Here are some facts that might help you understand:

-Here is a link to the wiring diagram from the manufacturer of the fans and the switch:  https://www.canarm.com/assets/product/documents/M0062-CNFRMC5-060607.pdf
-I have a 100 amp subpanel in barn with lots of room left over.  
-I live in Michigan in case the code for my questions might depend on my location. 
-The fan shows five wires coming from it (including the ground).

Here are my questions (please bear with me as I am not an electrician):

-Do I connect the fans together and then run a connection to the switch?  Or would I run separate connections from each fan to the switch?  The second choice would require more wiring.

-What type of wire would I use to connect the fans together (via the five wires)?  I live in Michigan if that impacts the code.  Could I use a couple 12/2 romex and mark the wires carefully?  (This would leave me with an extra ground wire that would not be used.). Or should I use something thinner so that it is cheaper and easier to fit into junction boxes?
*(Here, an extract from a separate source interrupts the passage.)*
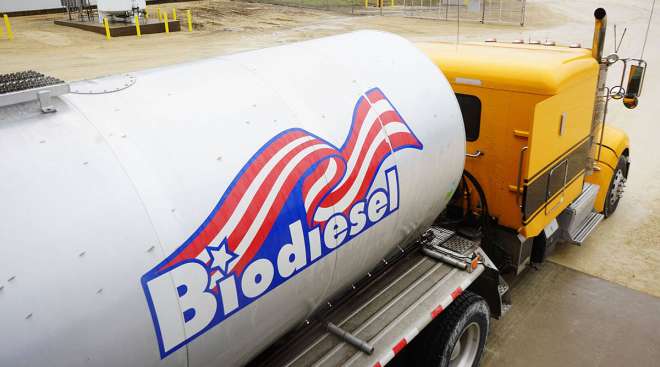 Truck hauling tanker of biodiesel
-I am planning on using a 20amp breaker in the panel box?  Is this what you’d recommend?

Thanks in advance for any help that you could provide!


----------



## ICE (Nov 25, 2019)

You should hire the electrician.  Many times that turns out to be less expensive than saving a few dollars by doing yourself.
_
SAFETY WARNING - PLEASE READ CAREFULLY A *qualified electrician* in accordance with the national electrical code and other local codes, which may apply, should install unit. This control must be grounded when installed. Failure to follow these instructions may result in electrical shock or a fire hazard. To reduce the risk of fire or electrical shock this control must not be used at ratings exceeding those clearly marked on the device. The manufacturer is not responsible for any expense, inconvenience or consequent damage caused by items of our manufacture or sale._


----------



## Thedailyb (Nov 25, 2019)

Thanks.  I plan on hiring the electrician to look over the work before it is connected to the panel but I am hoping to save some money by doing some/most of the work beforehand.


----------



## e hilton (Nov 25, 2019)

Thedailyb said:


> Thanks.  I plan on hiring the electrician to look over the work before it is connected .
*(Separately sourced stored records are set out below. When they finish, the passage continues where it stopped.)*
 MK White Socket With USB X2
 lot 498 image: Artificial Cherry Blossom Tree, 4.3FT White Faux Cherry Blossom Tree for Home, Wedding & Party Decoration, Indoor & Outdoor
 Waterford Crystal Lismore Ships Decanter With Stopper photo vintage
No reason you can’t ask Sparky to look at the wiring diagram and tell you what to install.


----------



## ICE (Nov 25, 2019)

e hilton said:


> No reason you can’t ask Sparky to look at the wiring diagram and tell you what to install.
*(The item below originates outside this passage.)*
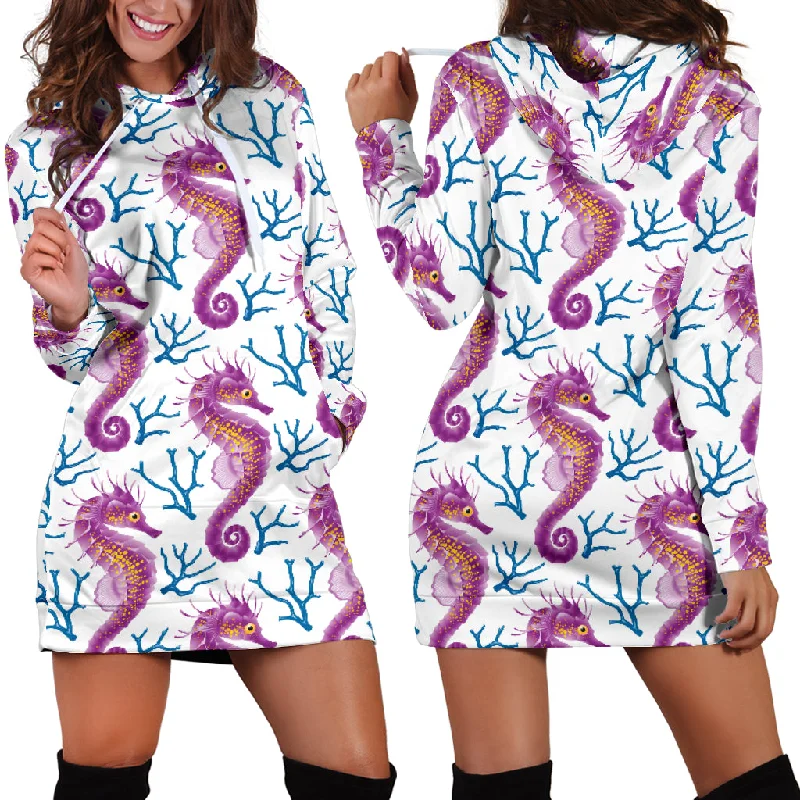 Purple Seahorse Blue Coral Pattern Women'S Hoodie Dress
Perhaps he can post the diagram here.  Somebody can help him get the wire as thin as possible.


----------



## Thedailyb (Nov 25, 2019)

Here is the wiring diagram for the switch from the manufacturer:   https://www.canarm.com/assets/product/documents/M0062-CNFRMC5-060607.pdf


----------



## ICE (Nov 25, 2019)

Thedailyb said:


> Here is the wiring diagram for the switch from the manufacturer:   https://www.canarm.com/assets/product/documents/M0062-CNFRMC5-060607.pdf


Well if you do it like that there won't be a leftover green wire....oh but wait a minute you need a wiring diagram that shows two fans and one control....now I see where you're getting the extra green wire.

This isn't as straight forward as you think.  If you wire it up wrong the fan will run backwards and if you wire it up right the fan will run backwards.


----------



## TheCommish (Nov 25, 2019)

does the control have the ampacity to handle 2 fans?


----------



## jar546 (Nov 25, 2019)

Thedailyb said:


> Here is the wiring diagram for the switch from the manufacturer:   https://www.canarm.com/assets/product/documents/M0062-CNFRMC5-060607.pdf



How about the specifications for the fan itself so we know the HP rating and amp draw?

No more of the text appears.